In short: both authors make important contributions to the conceptual placement of this movement. At the same time, one may ask whether they do not also fall into the trap of overrating their object of study. That would be understandable. The more intensively one engages with a subject, the more one tends to overestimate its relevance. One can then perhaps lose sight of the fact that, even though Adrian Vermeule is a Harvard professor, the probability that the US gets rebuilt as a Catholic theocracy because of his ideas is close to zero. Or at least about as likely as the chance that Amlinger and Nachtwey ever read Nozick and the rest.

The inclined reader will therefore tend to agree with the reading of Jan-Werner Müller: postliberalism is in the end little more than an elaborated „own the libs” by frustrated conservative university professors.

And if one speaks today with postliberal thought leaders, one quickly notices that little of the enthusiasm for a coherent intellectual project is present that Kelly and Sleat conjure up in their analyses.

Only weeks ago, at a conference, I asked Patrick Deneen himself whether he shared my thesis of a „Peak Postliberalism”. He dodged. He had said all he had to say on the topic and was now devoting himself to other things, like ancient Greece. He was, quote, not a „movement guy”. I take that as a polite farewell. In any case, it is not the sign of a particularly vital movement of thought.

The more obvious conclusion, therefore: Kelly and Sleat lend postliberalism more intellectual radiance than it ever had or wanted. For Deneen and the rest, it was never about a systematic critique of ideology or the further development of a common-good oriented communitarianism for the present. At the centre always stood the polemic against the supposed dominance of a Rawlsian left-liberalism at the universities, something that drove all these authors at a deeply personal level. And Orbán’s foot soldiers at the MCC were above all in the business of building a politically useful counter-narrative to liberal democracy.

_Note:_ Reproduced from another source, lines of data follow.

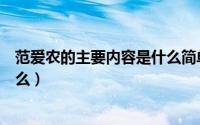 范爱农的主要内容是什么简单概括（范爱农的主要内容是什么）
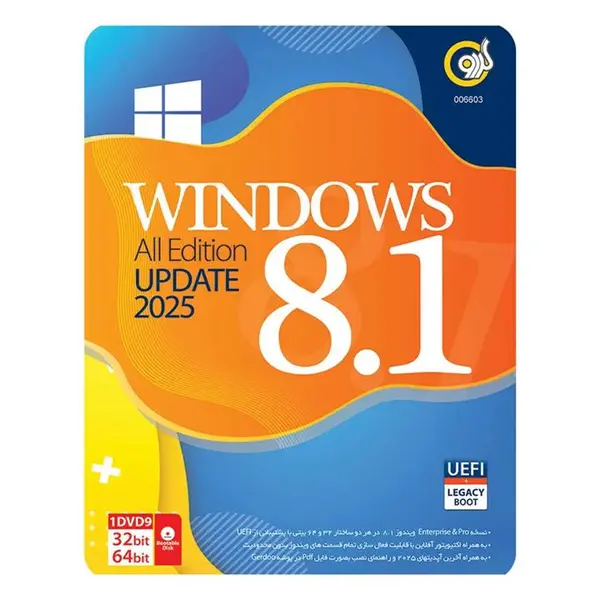 سیستم عامل ویندوز 8.1 آپدیت 2025 Windows 8.1 Update پشتیبانی از UEFILegacy نشر گردو - 2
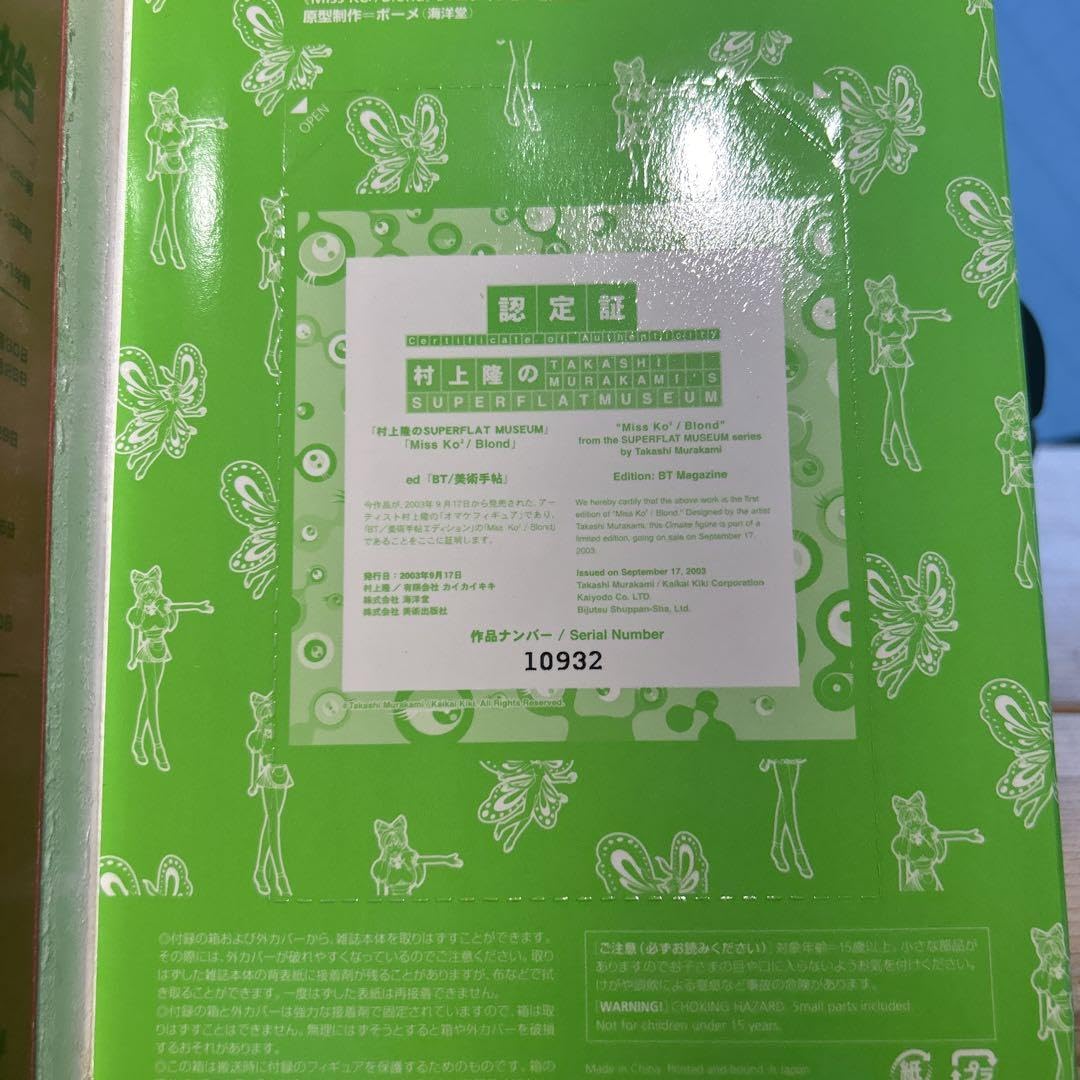 Amazon.co.jp: 村上隆 Miss KoKo完全限定版フィギュア 美術手帖 創刊55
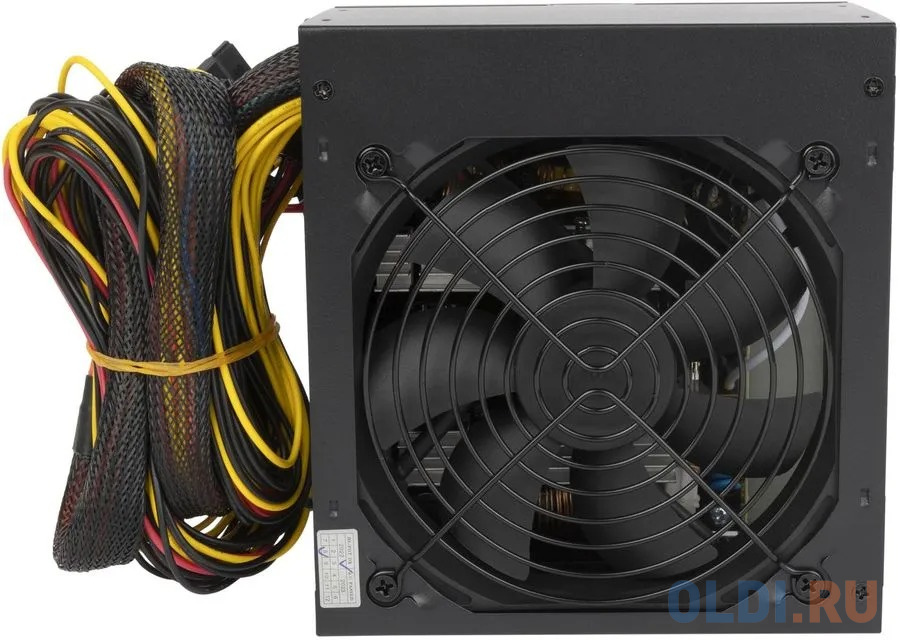 Блок питания Hiper ATX 650W HPC-650 80+ (24+4+4pin) APFC 120mm fan 4xSATA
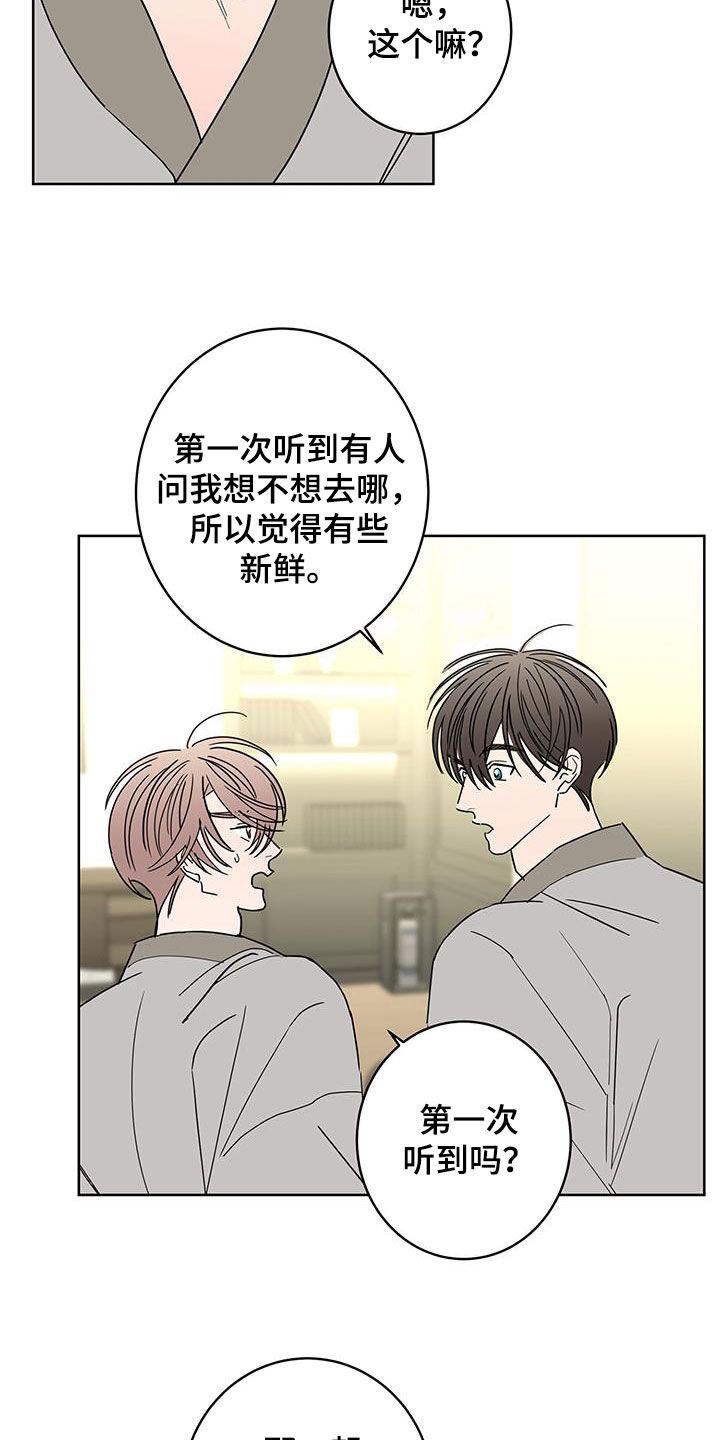 第50章：古板15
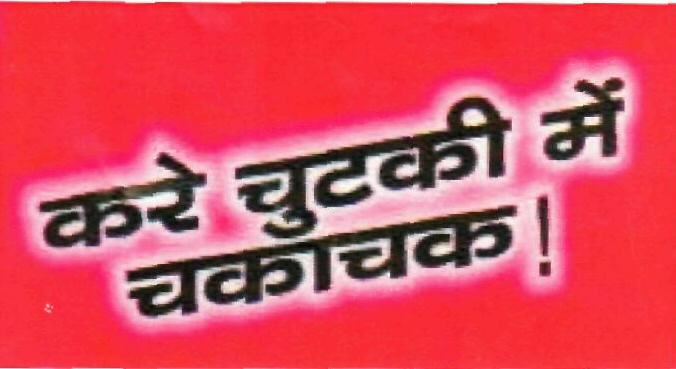 Kare Chutki Me Chakachak (device) Device mark 2293774 Trademark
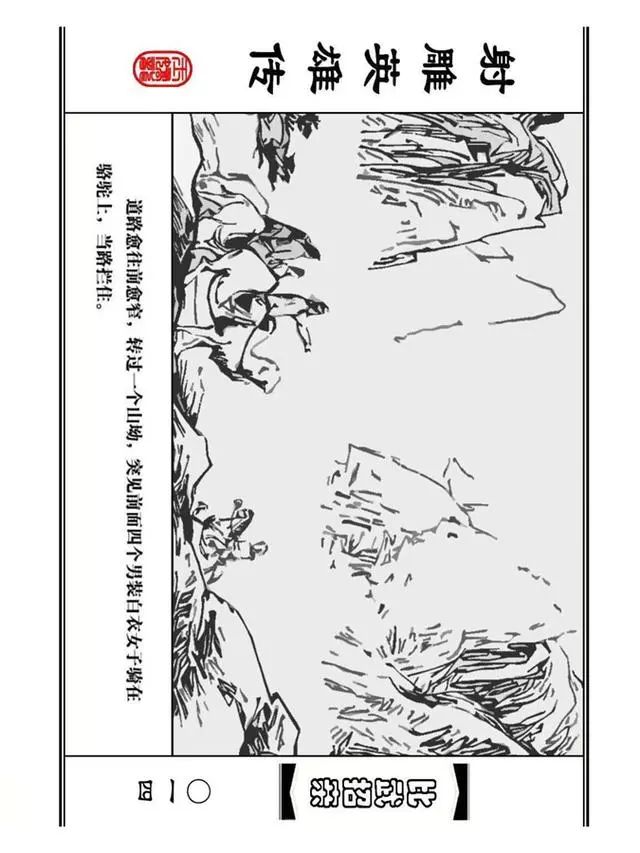 武侠连环画《射雕英雄传》之四「比武招亲」浙少版 汶阳等绘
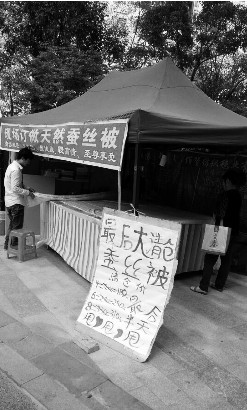 ��Ԫ�cǧԪ�ăr����� ���I���Q�z������Ć᣿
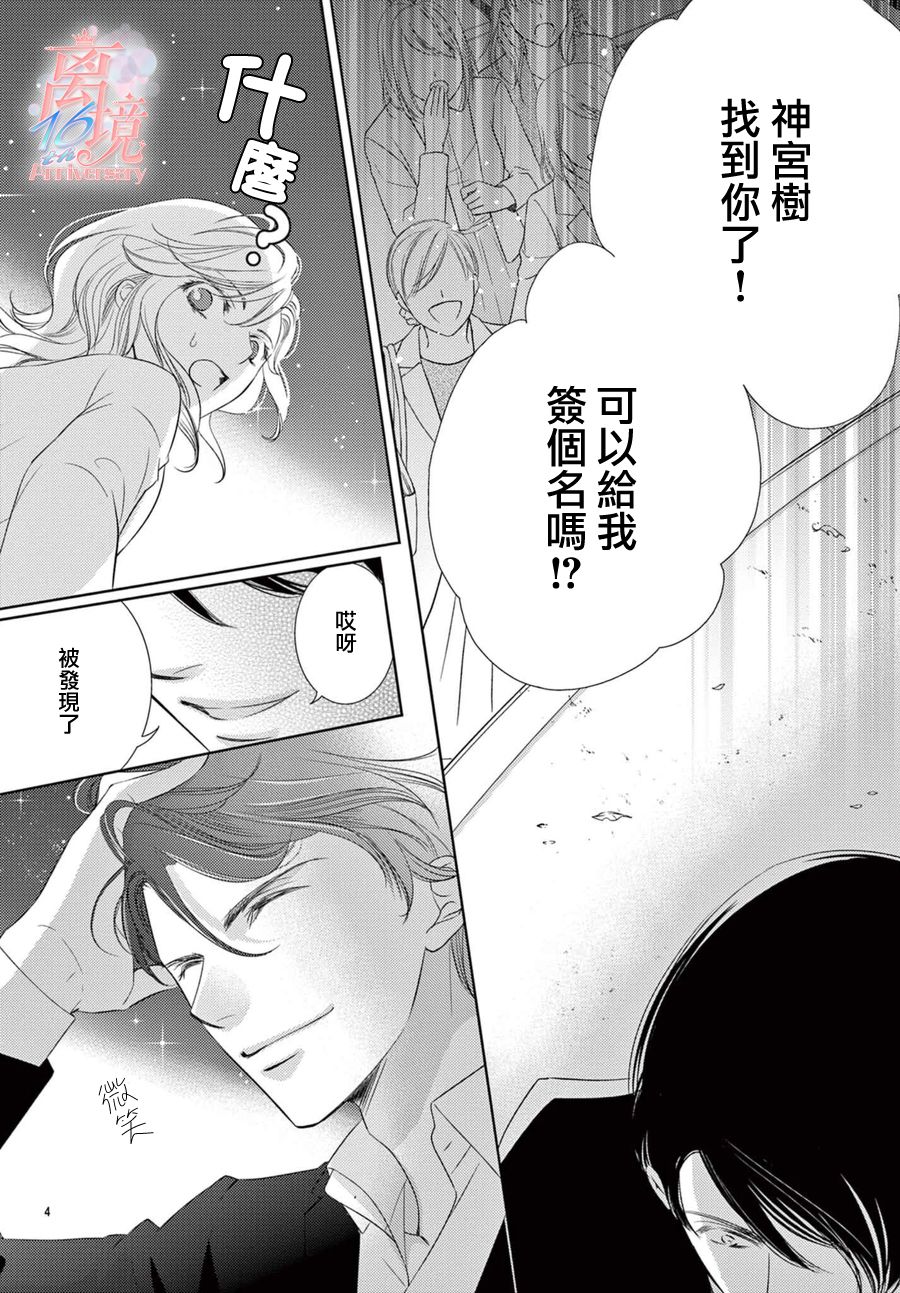 《不眠不休的追梦与恋爱》漫画最新章节第1话免费下拉式在线观看章节第【8】张图片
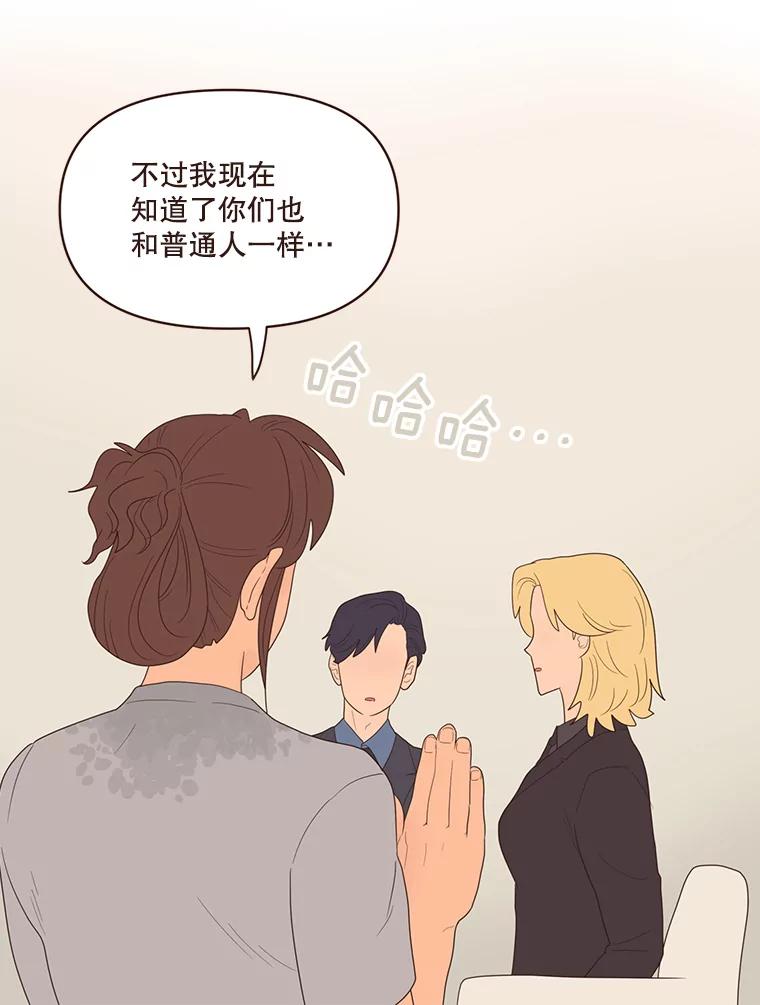 《财阀访谈》49.池恩听证会 第41页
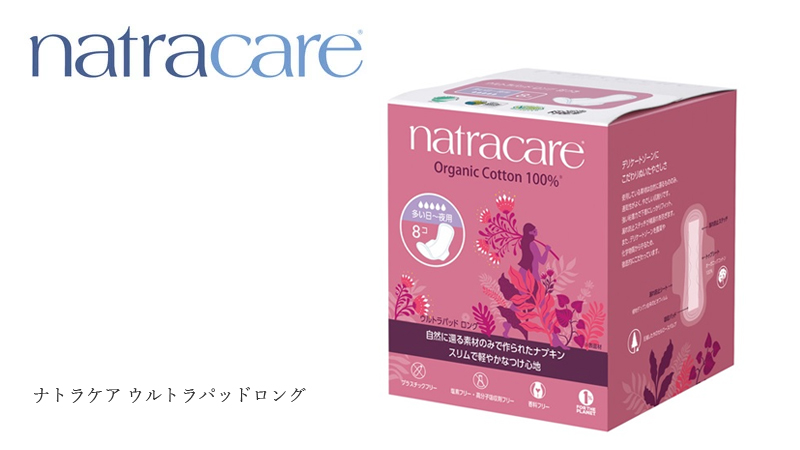 ナトラケア ウルトラパッドロング natracare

A productive theoretical discourse, of the kind Sleat and Kelly reconstruct, never grew out of it. There is neither a successor generation of postliberal thinkers, nor a recognisable further development, nor a serious engagement with postliberalism on the liberal side. Precisely for this reason, postliberalism barely qualifies as a deep object of study. It looks much more like a politically motivated, hasty, and shoddily executed attempt at revolution, one that wanted to anchor the funeral hymn for liberalism above all narratively, in other words: metapolitically. But it was never really taken seriously, neither by liberals nor by postliberals themselves.

And precisely this shows up again, implicitly, in the closing chapters of both books at hand. There the authors quite unintentionally support my working thesis when they formulate their own answers to the postliberal critique. They do exactly what one would expect from left-liberal university professors: they return to the long-familiar, stale liberalism debates of recent decades, be it the missing liberal perfectionism (Sleat) or the necessity of a stronger economic egalitarianism (Kelly). The „postliberal moment” has passed these two thinkers by and is, in the end, at best used to put their old hobbyhorses back in the shop window in book form. The fleeting fashion has not really changed the shape of liberalism.

In that sense, the oh-so-traditionalist postliberalism is itself precisely what it despises: a hyperpolitical discourse phenomenon. Much attention, much outrage, much performativity, but no structural force at all and no change.

Thank god, one might say, in true postliberal fashion.